I have always enjoyed going to the Goethe Institute in Los Angeles, and the German movie selections they offer. Recently I had picked up the film “Puenktchen und Anton.” It isn't that I had never borrowed that particular movie before. In truth, I had. And it isn't that I had seen the film before, because I hadn’t. So, as you can imagine, after checking the darn thing out at least a dozen times, I was determined that I watch it this time around; I was feeling determined to seize the opportunity.

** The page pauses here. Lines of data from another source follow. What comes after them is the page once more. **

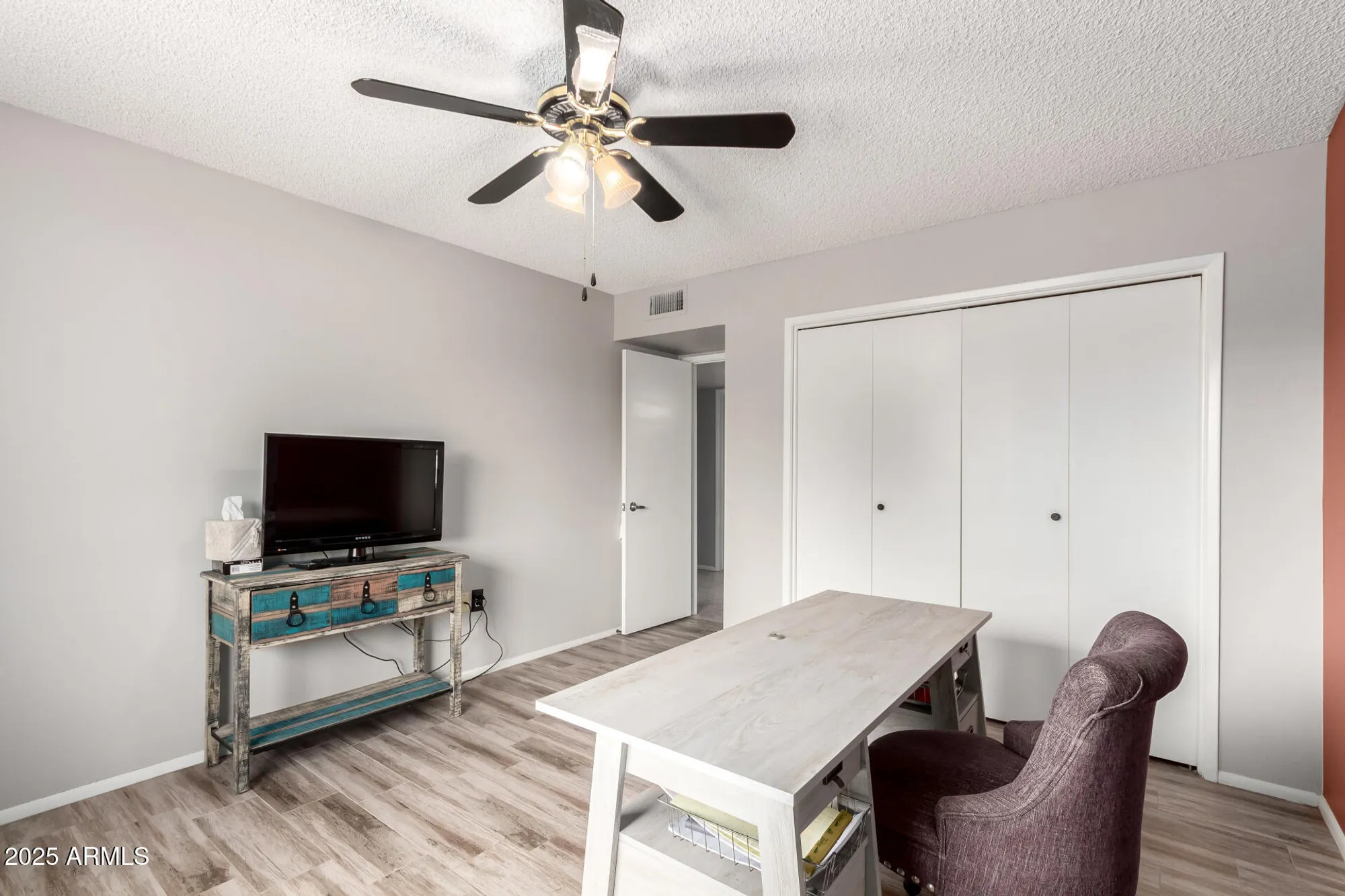 Property Slideshow image 20 of 45 | 9832 n 102nd dr, Sun City, AZ, 85351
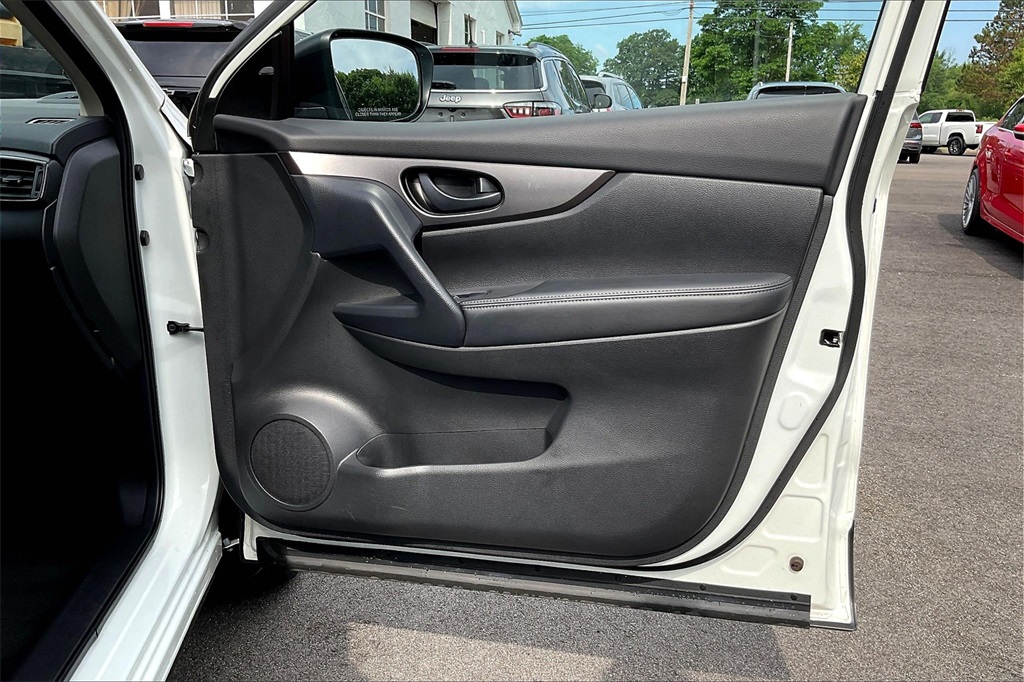 2020 Nissan Rogue Sport S - Photo 25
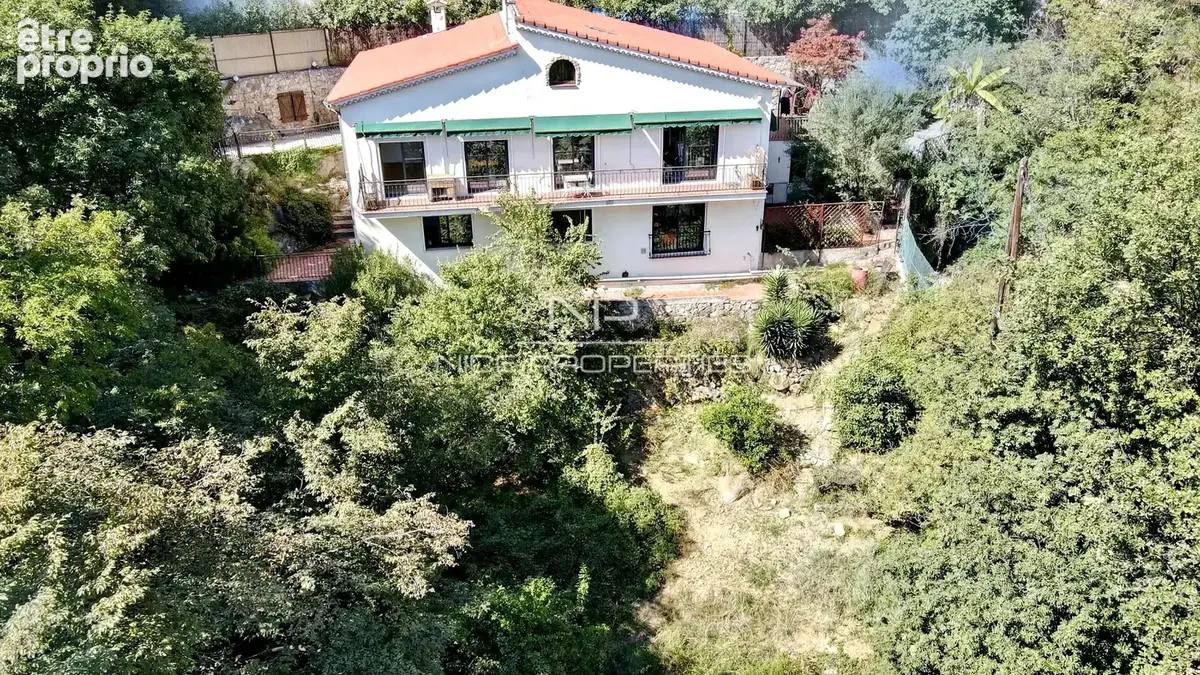 Villa familiale avec jardin arboré à proximité de Monaco - photo 13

“Puenktchen und Anton” is a 1954 black-and-white German film based on the esteemed novel by Erich Kaestner. (A little trivia: Kaestner wrote the famous novel “Das doppelte Lottchen” – on which “The Parent Trap” movies are based.) Days went by and time rushed out the window at undetectably vicious speed. Again, it looked like I would never see the film that had been on my mind for so long… It was Thursday evening and I still had not watched that movie. After a day of sailing, I was ready to write my review on “The Son of Flubber” which I had long put of. Sitting down, I suddenly noticed something: not a cursed word would come out of my head. My brain was fried! I told my mother, Diana, about my state of despair: I felt this exasperating desire to write about “Flubber” but my brain feels like rubber. She soothingly suggested that I watch the German movie I had been waiting so long to see - “Puenktchen und Anton.” In soothe, I didn't feel like a German movie tonight – thinking that it would be too much mental gymnastics and concentration; German movies can be hard to understand. Yet, the dilemma was that the next day I would have to return the movie. Besides what harm could it do? So I watched it – without regret! I was immediately captured by the lively fresh attitude the film had to offer as well as the scandalous antics of its two main characters, “Puenktchen und Anton.” The humor was so exuberantly displayed and presented.

I am told that my father came home from work while I was watching the movie. I didn't notice, I was too busy watching “Puenktchen and Anton” and understanding almost every word!